[md PATCH 15/15] MD: use per-cpu counter for writes_pending

public inbox for linux-raid@vger.kernel.org
 help / color / mirror / Atom feed

From: NeilBrown <neilb@suse.com>
To: Shaohua Li <shli@kernel.org>
Cc: linux-raid@vger.kernel.org, hch@lst.de
Subject: [md PATCH 15/15] MD: use per-cpu counter for writes_pending
Date: Wed, 15 Mar 2017 14:05:14 +1100	[thread overview]
Message-ID: <148954711465.18641.8222940807591984069.stgit@noble> (raw)
In-Reply-To: <148954692173.18641.1294690639716682540.stgit@noble>

The 'writes_pending' counter is used to determine when the
array is stable so that it can be marked in the superblock
as "Clean".  Consequently it needs to be updated frequently
but only checked for zero occasionally.  Recent changes to
raid5 cause the count to be updated even more often - once
per 4K rather than once per bio.  This provided
justification for making the updates more efficient.

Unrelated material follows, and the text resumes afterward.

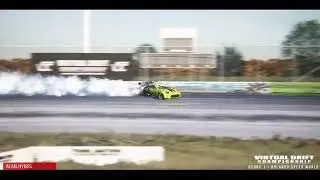 Alan Hynes - Virtual Drift Championship S4 Round 1 Qualifying - Assetto Corsa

So we replace the atomic counter a percpu-refcount.
This can be incremented and decremented cheaply most of the
time, and can be switched to "atomic" mode when more
precise counting is needed.  As it is possible for multiple
threads to want a precise count, we introduce a
"sync_checker" counter to count the number of threads
in "set_in_sync()", and only switch the refcount back
to percpu mode when that is zero.

We need to be careful about races between set_in_sync()
setting ->in_sync to 1, and md_write_start() setting it
to zero.  md_write_start() holds the rcu_read_lock()
while checking if the refcount is in percpu mode.  If
it is, then we know a switch to 'atomic' will not happen until
after we call rcu_read_unlock(), in which case set_in_sync()
will see the elevated count, and not set in_sync to 1.
If it is not in percpu mode, we take the mddev->lock to
ensure proper synchronization.

It is no longer possible to quickly check if the count is zero, which
we previously did to update a timer or to schedule the md_thread.
So now we do these every time we decrement that counter, but make
sure they are fast.

mod_timer() already optimizes the case where the timeout value doesn't
actually change.  We leverage that further by always rounding off the
jiffies to the timeout value.  This may delay the marking of 'clean'
slightly, but ensure we only perform atomic operation here when absolutely
needed.

md_wakeup_thread() current always calls wake_up(), even if
THREAD_WAKEUP is already set.  That too can be optimised to avoid
calls to wake_up().

Signed-off-by: NeilBrown <neilb@suse.com>
---
 drivers/md/md.c |   70 +++++++++++++++++++++++++++++++++++++------------------
 drivers/md/md.h |    3 ++
 2 files changed, 49 insertions(+), 24 deletions(-)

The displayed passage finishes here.